Sous le couvert de l’anonymat, un employé de la firme californienne DreamWorks – productrice du film American Beauty, largement disponible sur le Net en version piratée -, nous a confié que le piratage électronique était un problème grandissant que la compagnie prenait très au sérieux, et que des poursuites pourraient éventuellement être intentées contre ceux qui diffusent illégalement leurs films sur Internet.
Diffuser partout et en même temps?
Une solution proposée pour contrer le piratage est de lancer simultanément les films sur toutes les plateformes de diffusion, et ce, à l’échelle mondiale. Fini le temps mort entre la projection en salle et la sortie en vidéocassette: en trois mois, le film aurait fini son cycle. «Le kick de ceux qui téléchargent des films piratés sur le Net est de pouvoir les visionner avant tout le monde, croit John Hamilton. Un film qui sort ici en mars n’arrive souvent en Europe qu’en septembre, ce qui ouvre la porte au piratage. Un lancement mondial et sur tous les supports enrayerait ce phénomène.»

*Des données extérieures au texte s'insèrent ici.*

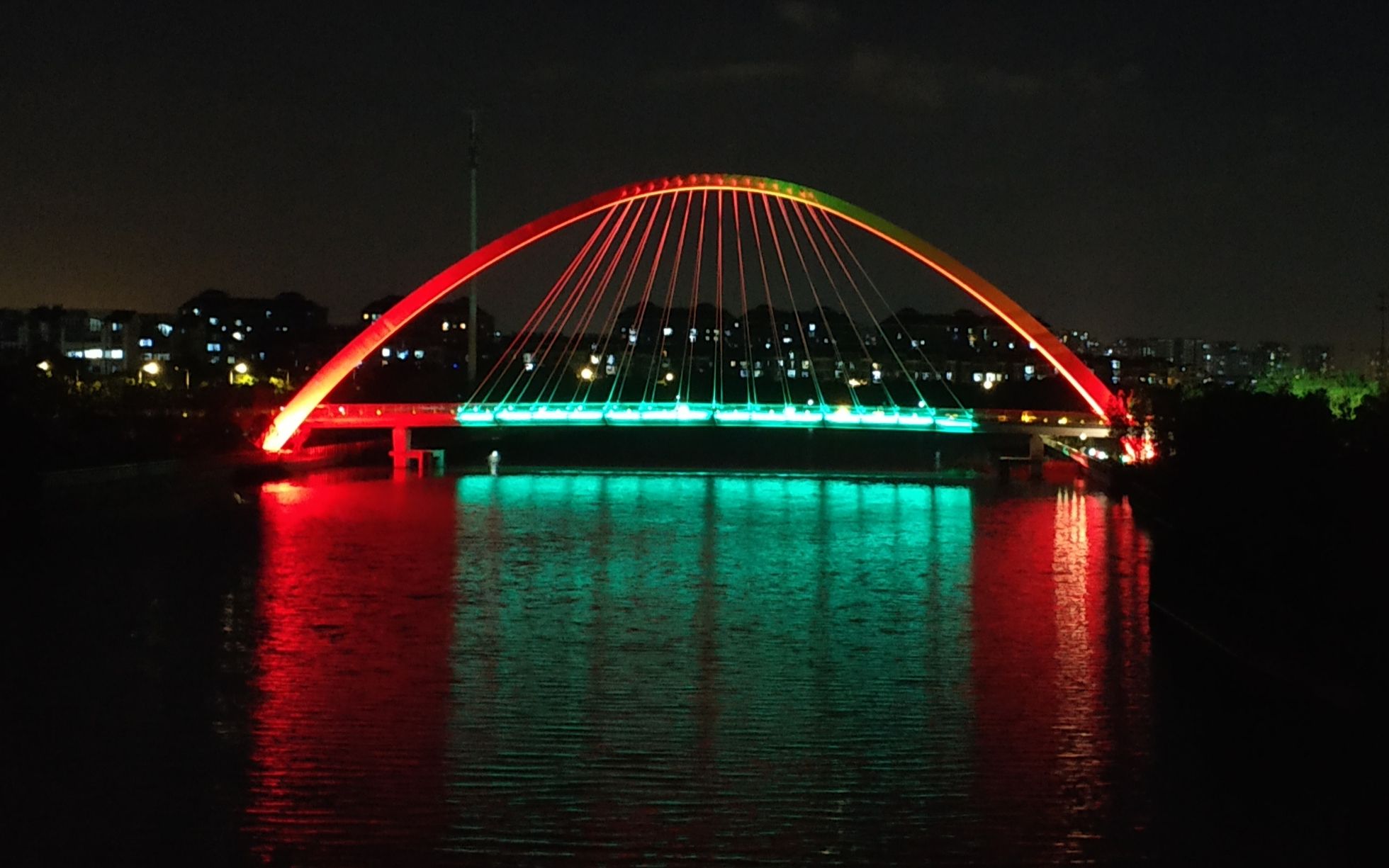 江苏苏州国庆节灯光秀昆山市陆家镇老吴淞江新建的人行景观桥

François Poitras partage ce point de vue. «Présentement, une bonne partie des DVD que nous louons ne sont pas munis d’une bande sonore française parce que les distributeurs craignent que les gens ne fassent des copies pour les distribuer en France, où le film n’est pas encore sorti. Ce serait un marché très lucratif pour les fraudeurs. Je crois que toutes ces fenêtres de diffusion vont bientôt commencer à se chevaucher: un film pourrait sortir à la fois en salle, en vidéo, à la télé payante et sur le Net. Il faut donner une accessibilité maximale au produit pendant qu’il est populaire, alors que tout le monde en parle.»
Pourtant, cette idée ne fait pas l’unanimité. «Une distribution globale et mondiale, tout le monde en parle, mais, personnellement, je n’y crois pas, explique Vincent Thomas. Chaque pays a une grille de diffusion qui lui est propre. Aux États-Unis, le cinéma est vendeur en été et pendant les Fêtes, alors qu’en France, c’est en octobre et en février qu’il marche le mieux. Même des films comme Star Wars sont distribués à des périodes différentes, et de manière variée selon les pays. Il faut conserver cette façon de faire car elle est liée à nos cultures. Internet doit trouver sa place, et ce sera vraisemblablement dans la même fenêtre que la télé à la carte et la sortie en vidéo. Il s’agit d’un support à part entière qu’il faut intégrer dans la mise en marché d’un film, depuis sa préproduction jusqu’à sa disponibilité dans tous les foyers.»